# RCA DTA-800



## Stuart Sweet (Jun 19, 2006)

I put two of these in for a friend last week:










http://www.walmart.com/catalog/product.do?product_id=8343230

This is RCA's converter box available from Wal-Mart. I was fairly impressed by how easily it went together.

Pros:
Serviceable universal remote
Easy (EEASYY!!) setup
Small and unobtrusive
Signal meter on every channel info screen
Defaults to "crop" setting for 4:3 TVs which is probably what people want
Decent tuner, picked up distant signals even with "rabbit ears"

Cons:
Easily the cheapest RF cable I have ever seen
Electronic program guide only shows what's on now (no time in the future)
No AC passthrough (requires its own outlet)

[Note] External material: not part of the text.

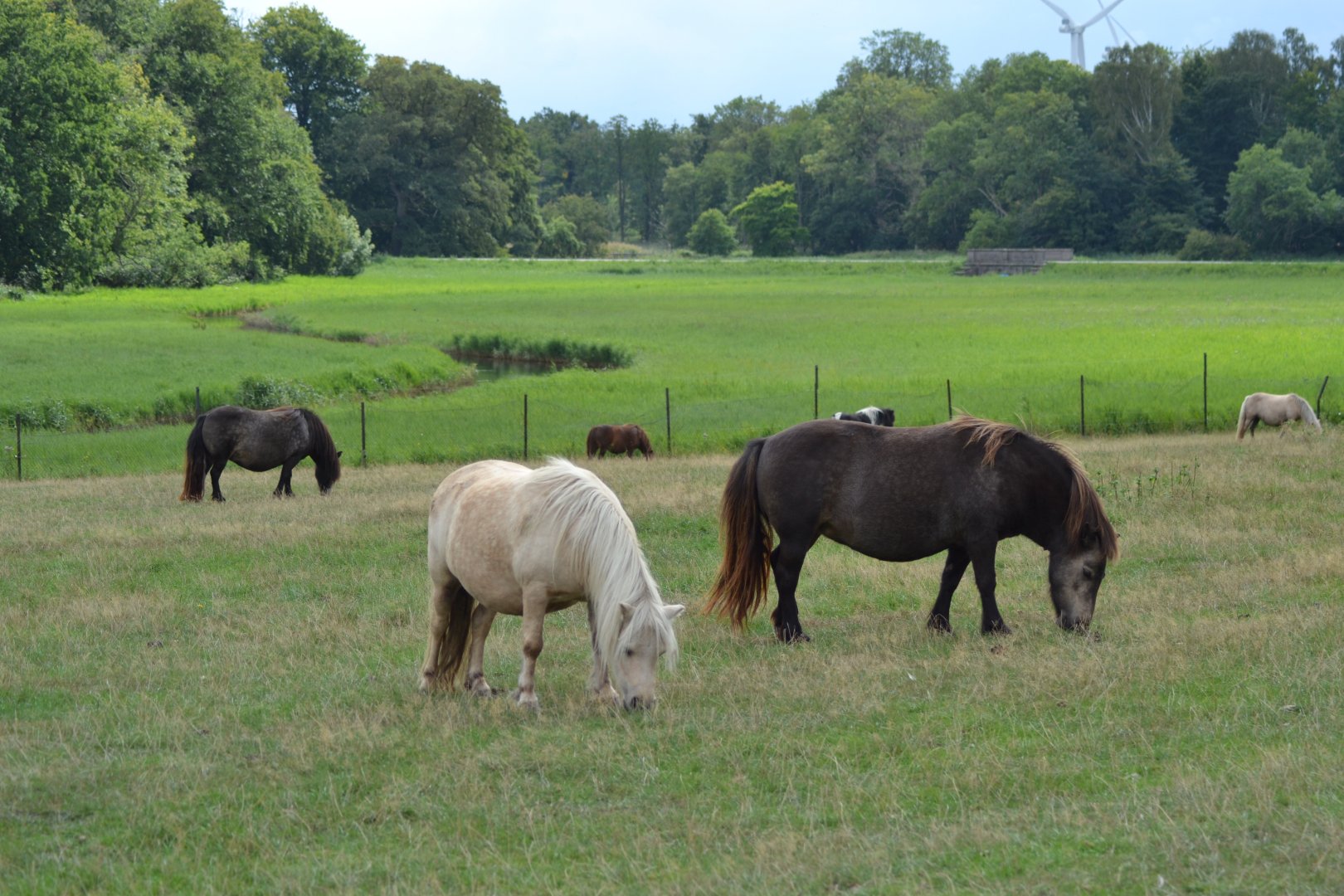 Shetland ponies at Bandholmmarken in Knuthenborg
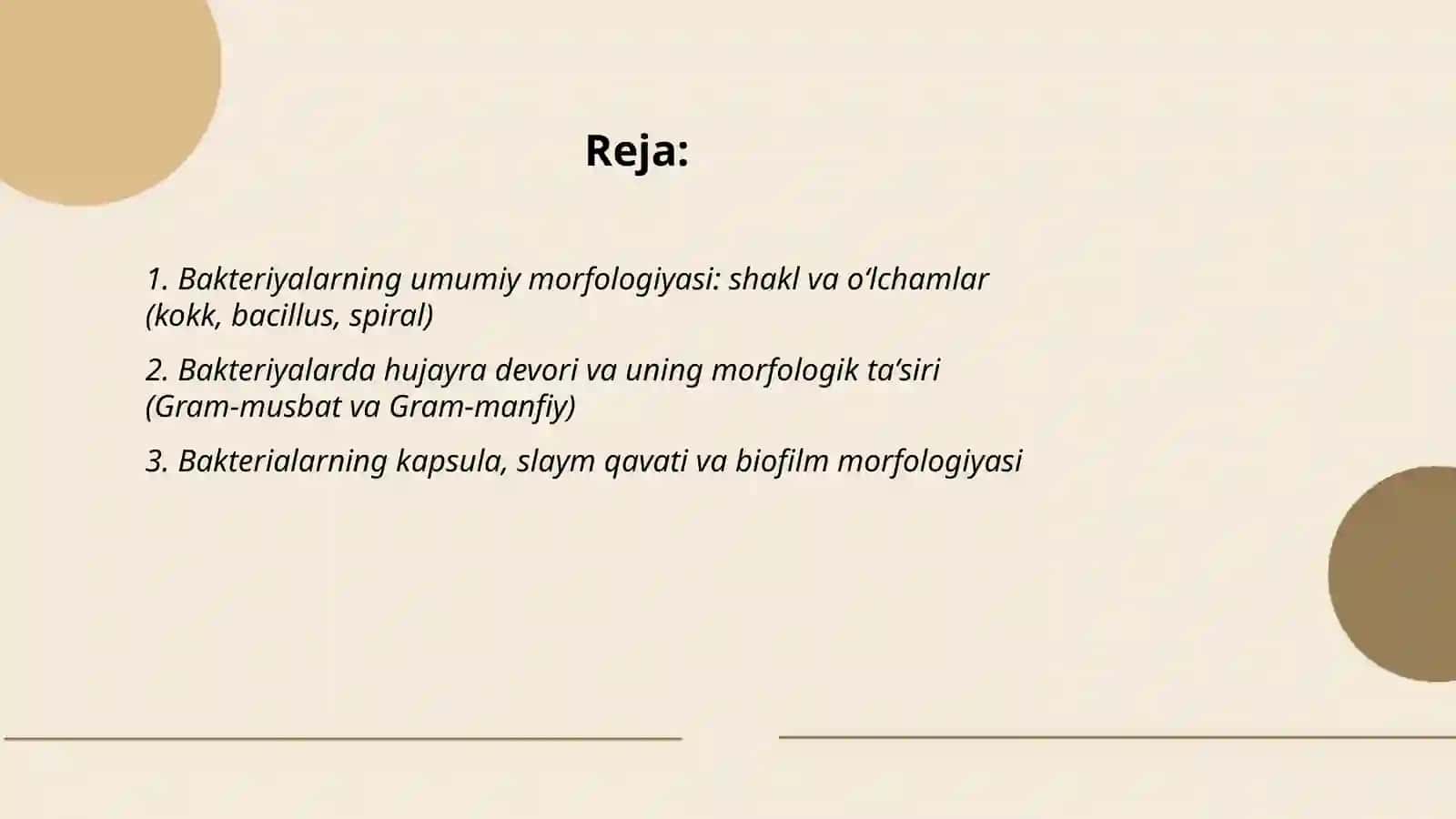 Bakteriyalarning morfologiyasi 2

If you can't wait forever, if your coupons are going to expire, and you're set on going to Wally World, this one's a decent choice. If you can wait, the TR-40 seems like a better deal.


----------



## phox_mulder (Nov 1, 2007)

My coupons expire the end of June.

All I'm waiting for is for TiVo to announce which boxes they'll support for the Series 2's.

My daughter got my S2 when I upgraded to the S3, and she'll be unhappy come February if she can't record her Idol, Top Model and Dancing with has-been Stars.

If TiVo doesn't announce, I just have to get a major brand and hope it's supported come February.

All the TV's in the house have ATSC tuners, the only reason I need the boxes is for recording either with the TiVo or old school VCR's.


phox


----------